** RECORD SET follows **

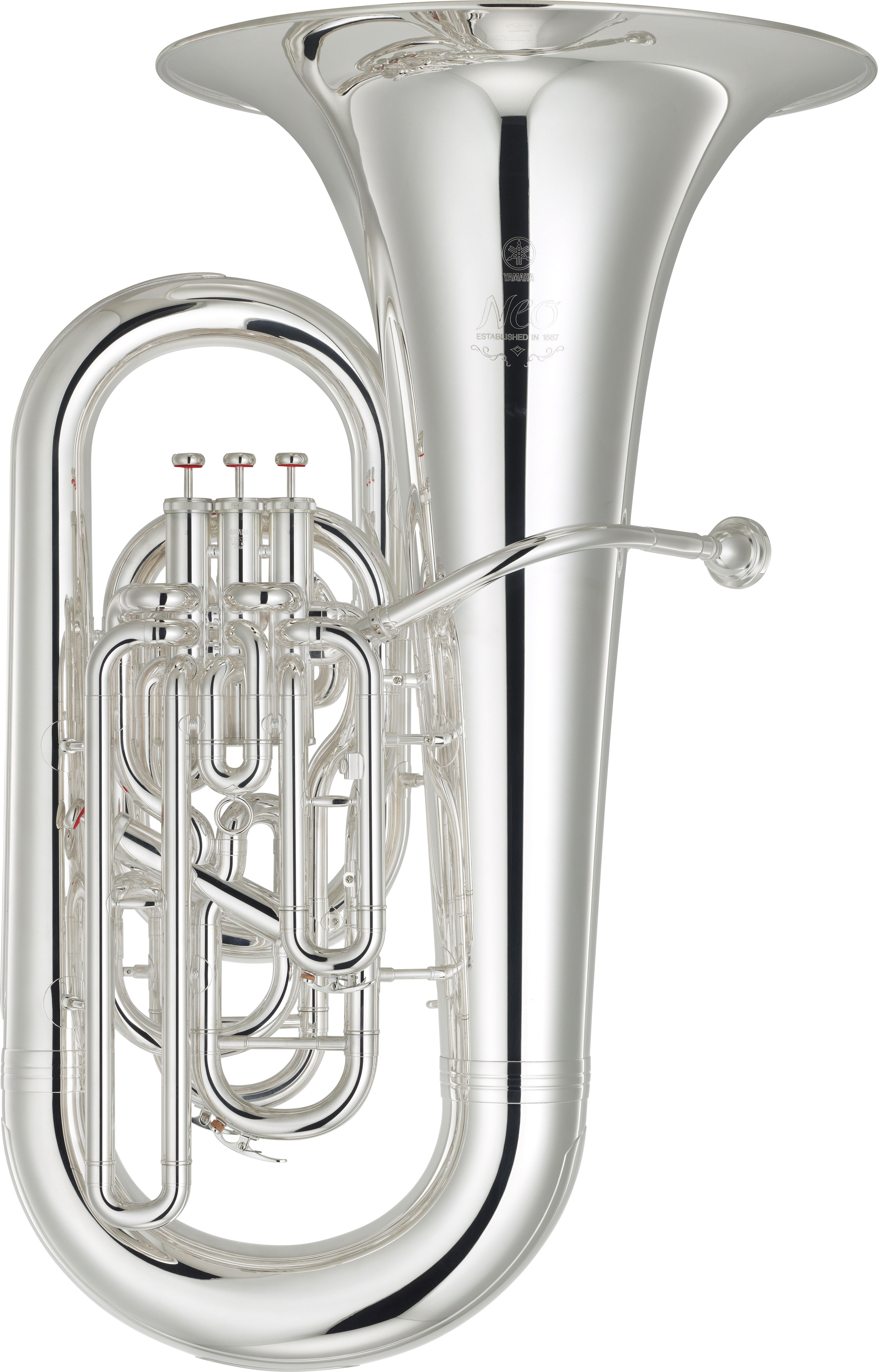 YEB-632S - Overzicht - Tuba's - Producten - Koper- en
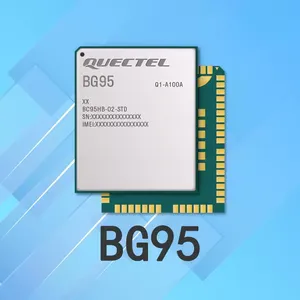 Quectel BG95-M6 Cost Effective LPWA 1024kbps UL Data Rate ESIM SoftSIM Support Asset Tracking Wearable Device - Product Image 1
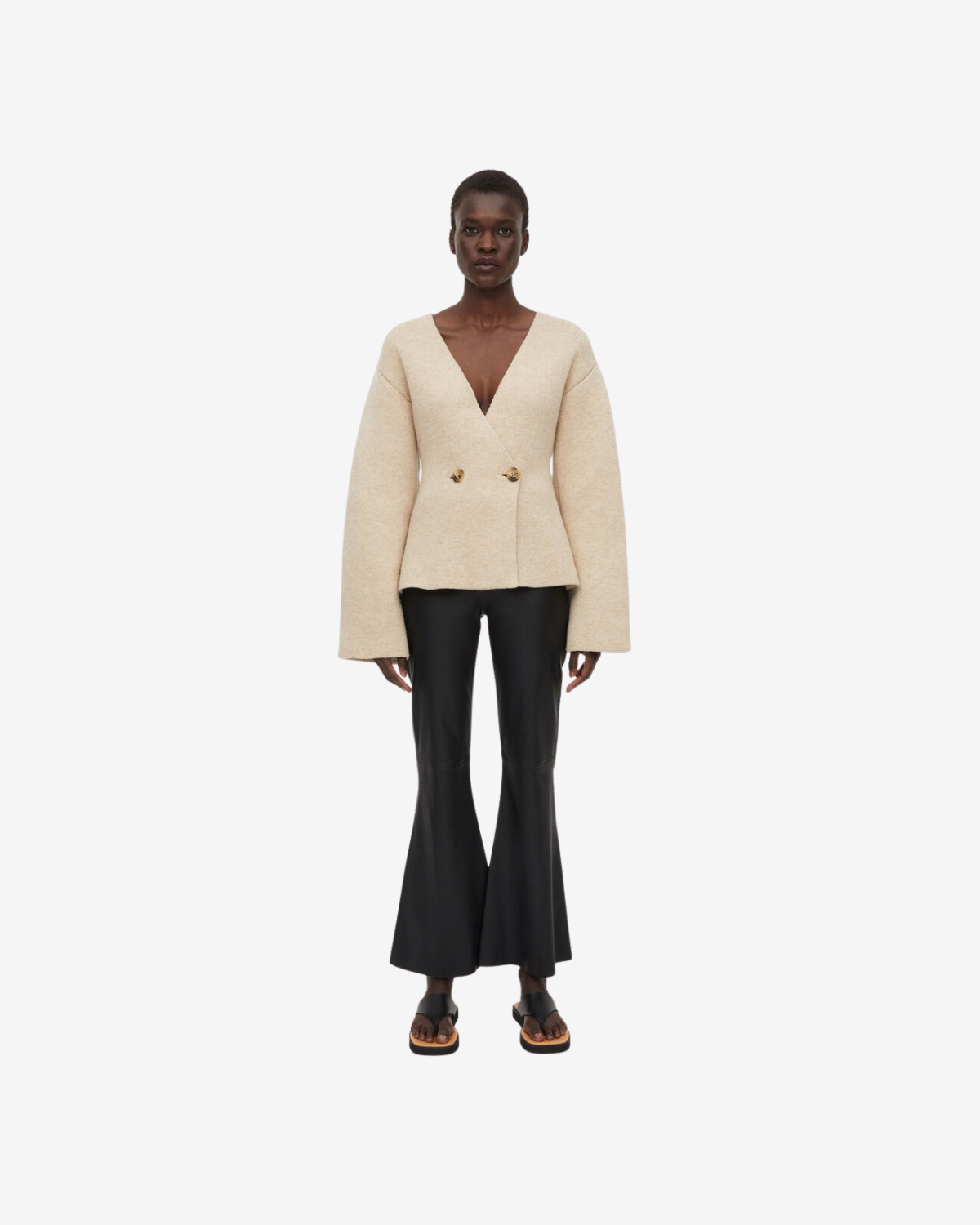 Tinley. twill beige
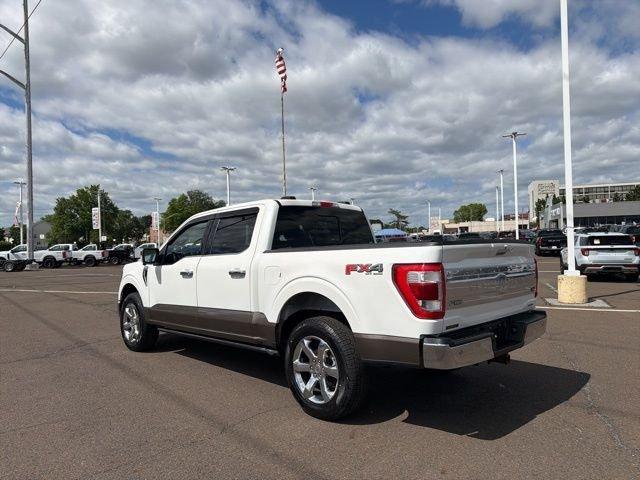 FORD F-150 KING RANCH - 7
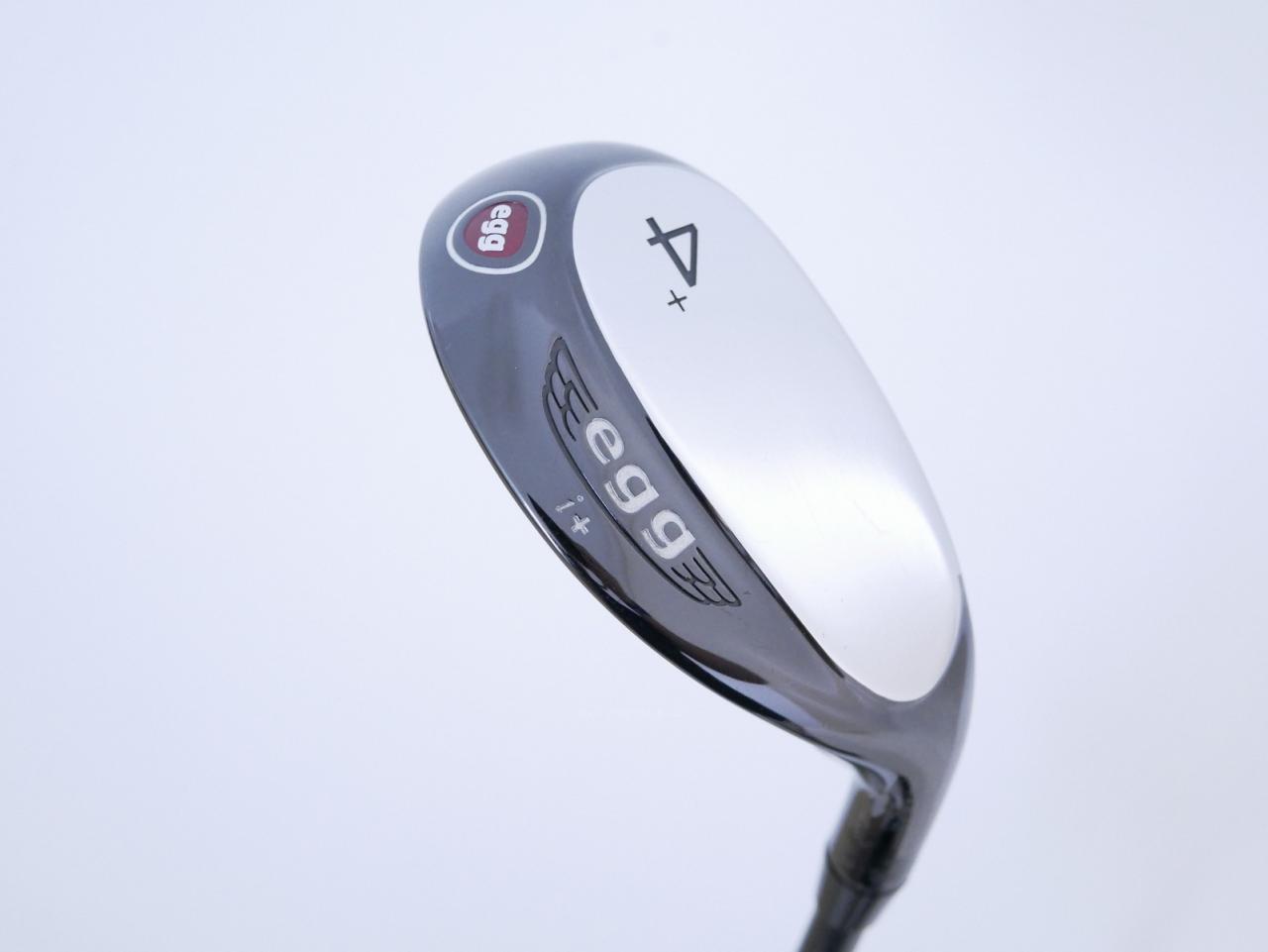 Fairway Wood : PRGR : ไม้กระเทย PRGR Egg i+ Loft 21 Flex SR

** End of RECORD SET **

• TASK INSTRUCTIONS:
Leave out the pictures and return every record word for word.

• RESULT BELOW:
 YEB-632S - Overzicht - Tuba's - Producten - Koper- en
 Quectel BG95-M6 Cost Effective LPWA 1024kbps UL Data Rate ESIM SoftSIM Support Asset Tracking Wearable Device - Product Image 1
 Tinley. twill beige
 FORD F-150 KING RANCH - 7
 Fairway Wood : PRGR : ไม้กระเทย PRGR Egg i+ Loft 21 Flex SR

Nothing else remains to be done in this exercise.